The fund management firm said it had successfully converted the unit trust into a PAIF, which means a large proportion of existing investors will no longer incur the 20% corporation tax that previously applied on income from their holdings.
The tax exemption benefits investors holding the fund through ISAs and pension schemes and M&G believes this to be the first retail fund to convert into a PAIF.
Under the conversion the fund will retain its name, M&G Property Portfolio, and investment process.
The investment objective of the fund will also stay the same; aiming to maximise total return through investment mainly in commercial property.
M&G’s PAIF will invest in a diversified portfolio of commercial property, mainly in the UK.
PAIF to progress
A 2011 paper from KPMG looking at the PAIF tax regime said it had not been as successful as originally envisaged and in the three years since it had been launched there had been only three HMRC authorisations for PAIFs.
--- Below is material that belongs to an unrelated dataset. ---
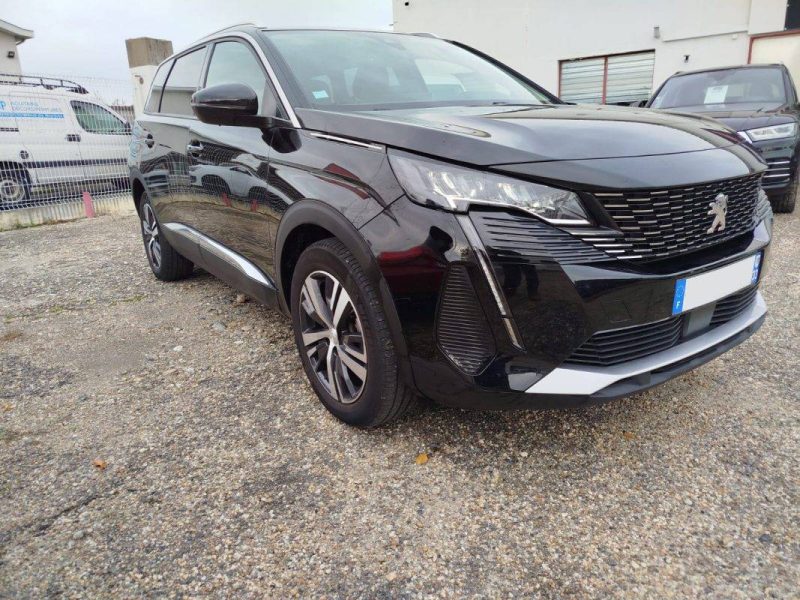 Peugeot 5008 1.5 BlueHDi 130 · 7 places · boîte automatique · 2022 · 20 800 km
“Clearly the economic downturn in property has been a significant reason for the lack of new PAIFs,” it said.
The report assessed a number of factors which could be impacting the PAIF take up, including pricing and regulatory status. (For more information, click here.)
It concluded: “The PAIF regime may still represent an attractive vehicle for a UK manager wishing to raise an open ended authorised property fund that is suitable for both UK retail and UK institutional tax exempt investors, provided the operational hurdles in relation to streaming are resolved.
“But until market conditions for raising new funds improve and the industry adopts the changes necessary to overcome the existing issues, there is unlikely to be a rush of new PAIFs to market.”
Problems in the guise of the platform industry’s inability to support the PAIF structure have also been reported.
Nevertheless, last year Hearthstone launched a PAIF, which now has an RDR-ready clean-fee share class, and Schroders converted its flagship UK core property fund (SEPUT) into a PAIF.